Deus não tem religião!

Dizem que Gandhi falou: “Deus não tem religião”. Outros personagens criticaram as religiões mesmo dizendo acreditar em Deus. Deixando de lado as discussões mais eruditas, vamos nos concentrar nesta afirmação.

Desconsiderando que religião significa, do latim “re-ligare”, ligar novamente, vamos falar aqui de religião como a crença em um poder inteligente maior, que a maioria de nós chama de “Deus”. Esta definição agrupa a maioria das pessoas, excetuando os “materialista”, ou seja, aqueles que acreditam que tudo que existe é o mundo material e que este causa os fenômenos, inclusive o desenvolvimento da inteligência. Este pensamento se contrapõe à crença em Deus, como colocado aqui, que tem o poder inteligente como criador do mundo material.

Não vamos aqui contrapor materialismo e religiosidade, pois nosso interesse é discutir a partir da aceitação da existência deste poder inteligente superior, como presente em todas as crenças. Este poder (Deus), é o incognoscível, ou seja está além da capacidade de compreensão do cérebro humano, desta forma a religião se apresenta como uma tentativa de compreensão deste poder.
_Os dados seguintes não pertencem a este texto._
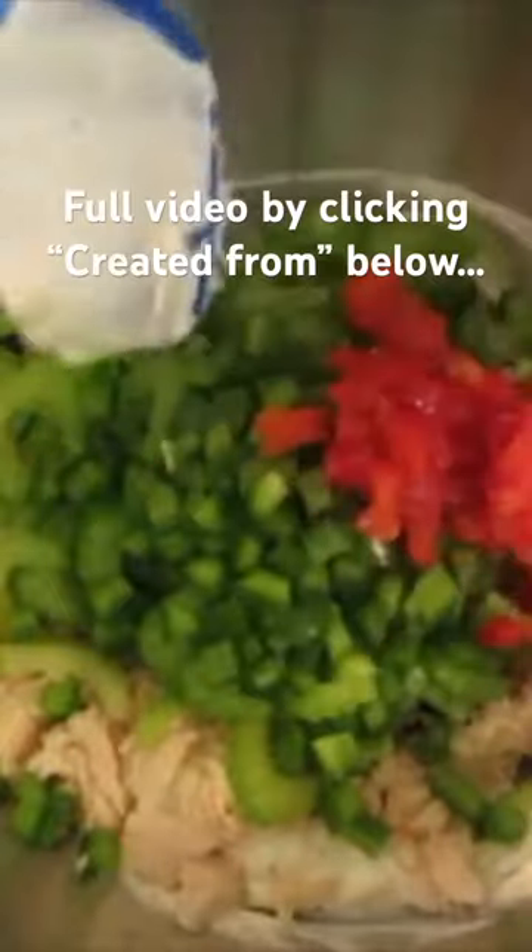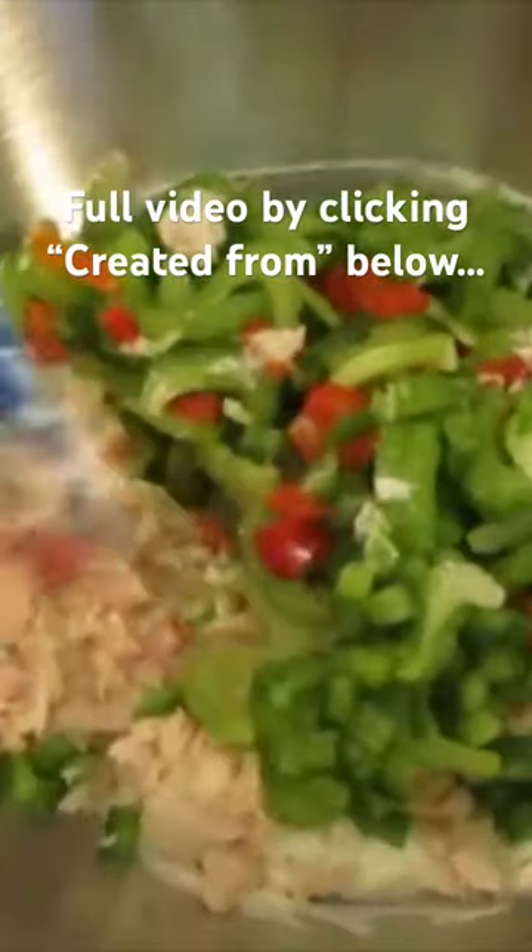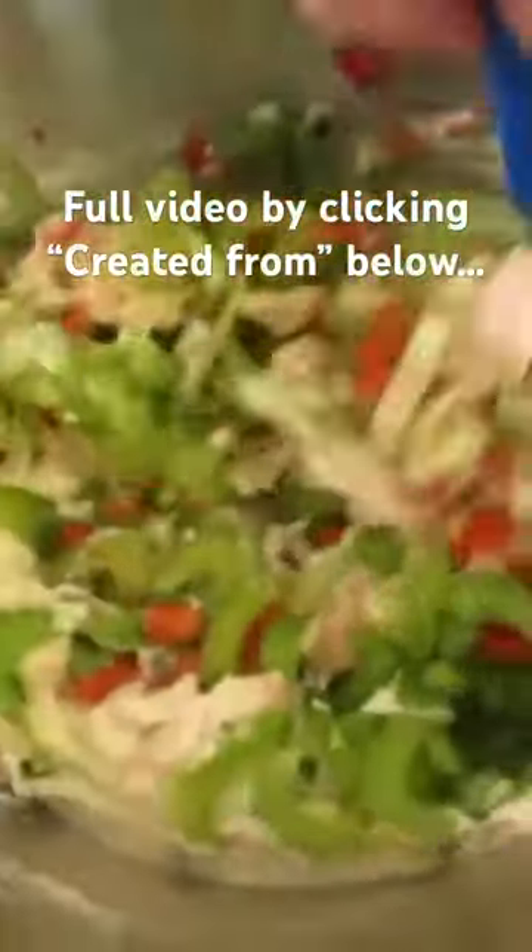Get all my tuna out of this can. Add your celery, your green bell peppers, your pimentos, and we're going to incorporate this with our mayonnaise salt and pepper mixture.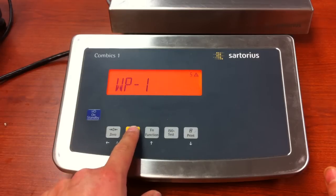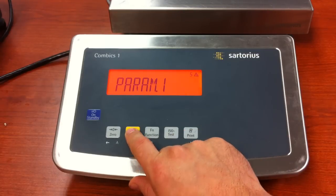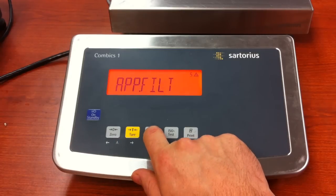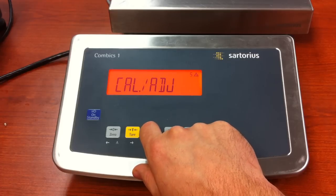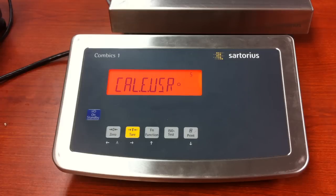Press and release the tear key. Press and release the tear key again. Now we want to setup the user-defined calibration weight in parameter 1, so press the tear key. And now we are going to press and release the function key.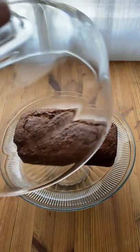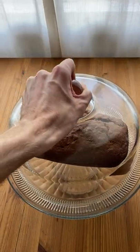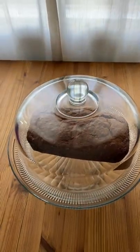It's a great versatile cake dome that allows you to display cakes, pastries, breads — whatever you like to cook. This looks really good in it.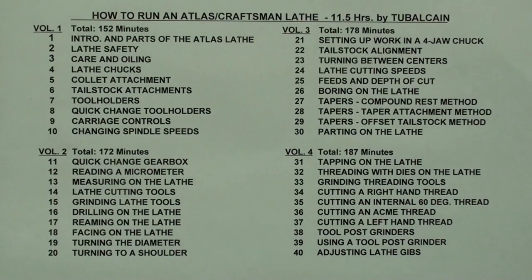Here is a list of the 40 chapters included in the Atlas Craftsman Lathe course. Remember that all Craftsman metal lathes were made by Atlas, except for the very small Dunlaps.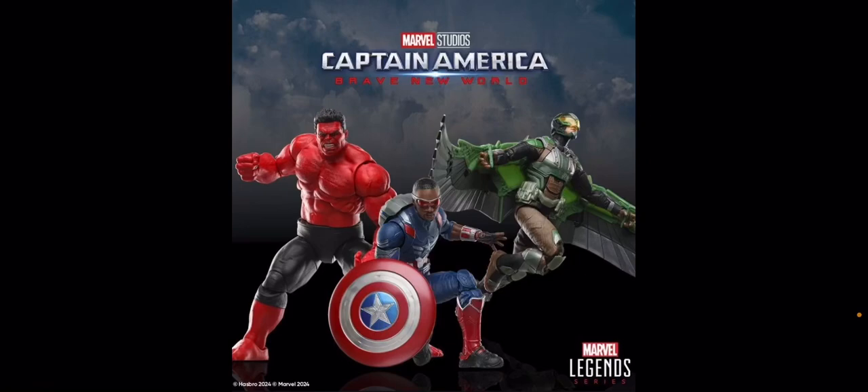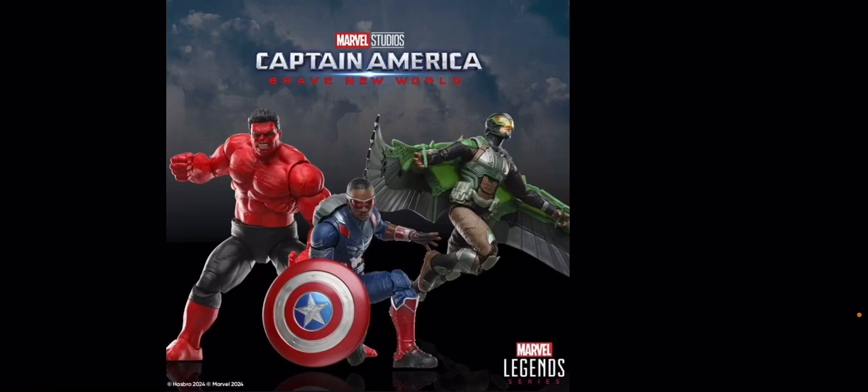Here we have our official Marvel Legends Captain America Brave New World figures. These are all deluxe figures that are going up for pre-order today — they're actually already up for pre-order. It's interesting that we're not getting a full wave of figures for this movie, but it makes sense because these are the three main characters from the film that you'd want figures of, and all three of them have to be deluxes.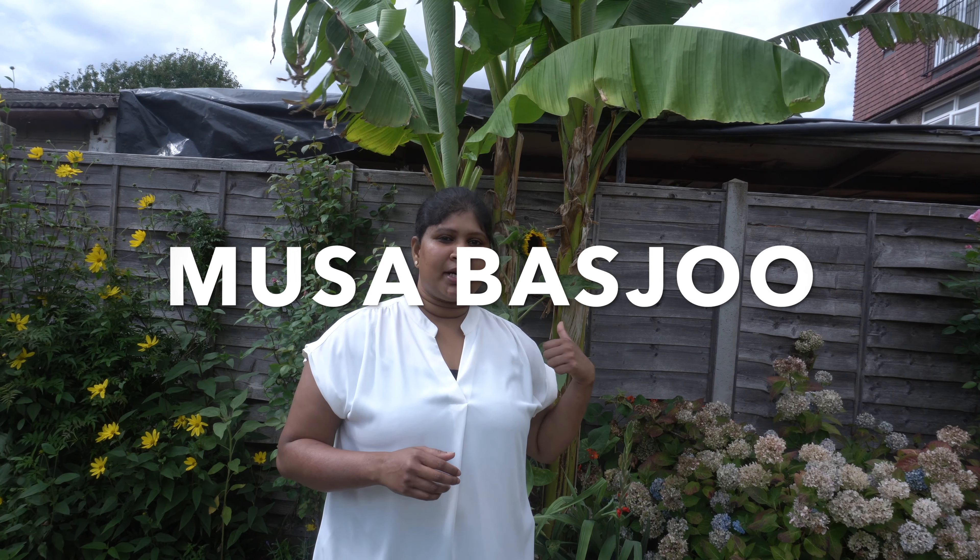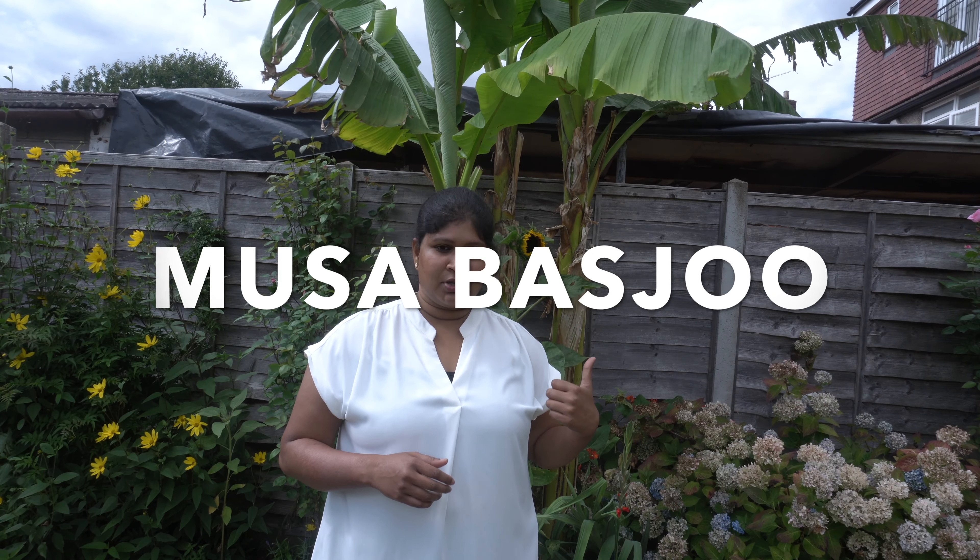You can get it at any garden centre. This variety of banana plant is called Musabasto — it's winter hardy. You can grow it in a pot or in the soil as well. If you want to grow it in a pot, during winter time it does need winter protection.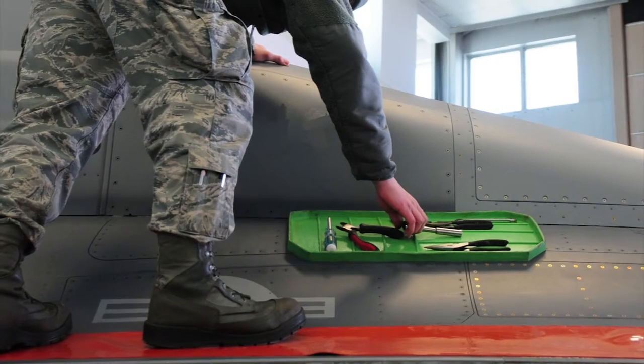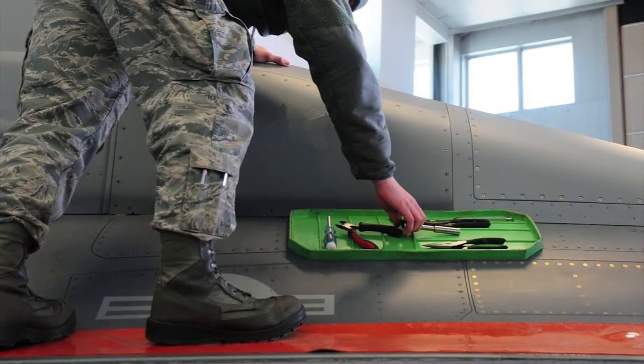With the non-slip tool tray, this keeps everything on the outside of the jet in close proximity where they can easily access their tools.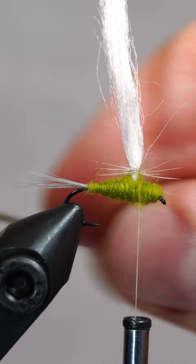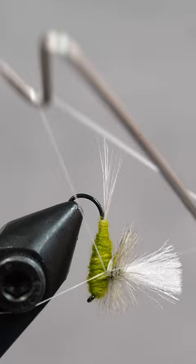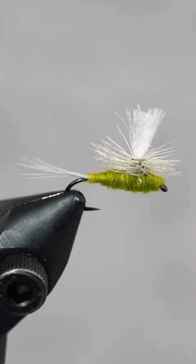Next we'll wrap the hackle down the post, then secure it with a couple wraps. To whip finish, it's easier to adjust the hook pointing down, then give it three to four turns. Snip the thread and our parachute blue wing olive is complete. Leave a comment with your favorite dry fly pattern, and we'll give a dozen flies to one lucky winner.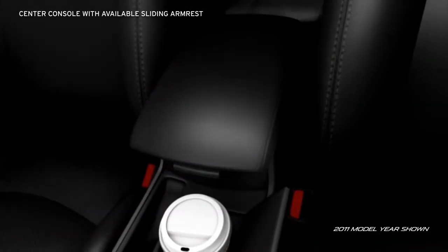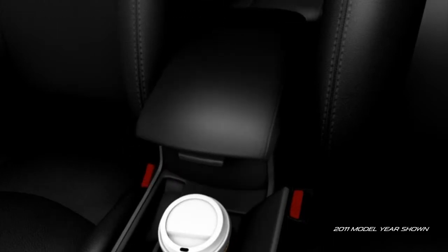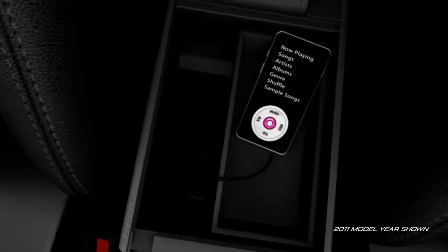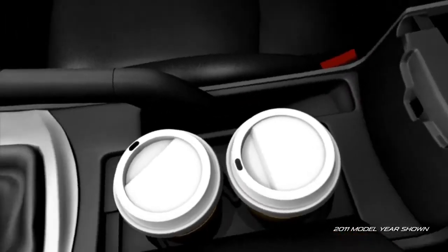And the front center console has a sliding armrest on the S-trim to customize your comfort. Plus, lots of storage space for those little things that can be hard to find. And there's room for almost anything in the oversized glove compartment.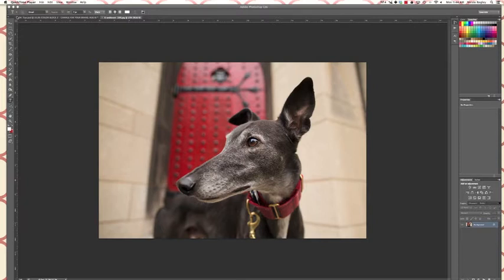Good morning again everybody, welcome back to another Hair of the Dog video tutorial. We're gonna do another leash removal — this time a little bit more challenging than before. You can see we have the collar and the leash, and I'm gonna get rid of the gold on the collar.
Neste sentido é incompreensível a separação entre religião e ciências, uma vez que a ciência busca cada vez mais elevar a compreensão do Universo e suas leis.

Ora! Se a finalidade da religião, assim como da ciência, é a compreensão do “todo”, ambas falam de algo que a mente humana não é capaz de descrever e, por mais que se desenvolva, não tem como avaliar a que distância se está desta compreensão. Segundo Victor Hugo, “Todas religiões têm razão quanto ao fundo, mas todas estão erradas quanto à forma”. Isto nos remete a essa necessidade de entender que as verdades não mudam, o que muda é nossa compreensão delas, sendo as religiões sectárias, aquelas que não se permitem rever sua própria concepção de Deus. Da mesma forma a ciência materialista sectária, que não aceita rever sua visão mecanicista do mundo, se transforma em um entrave para o desenvolvimento do pensamento humano. Um mundo onde a humanidade é regida pela “mecânica” e pela “seleção natural”, a própria evolução defendida é uma alucinação, algo inatingível.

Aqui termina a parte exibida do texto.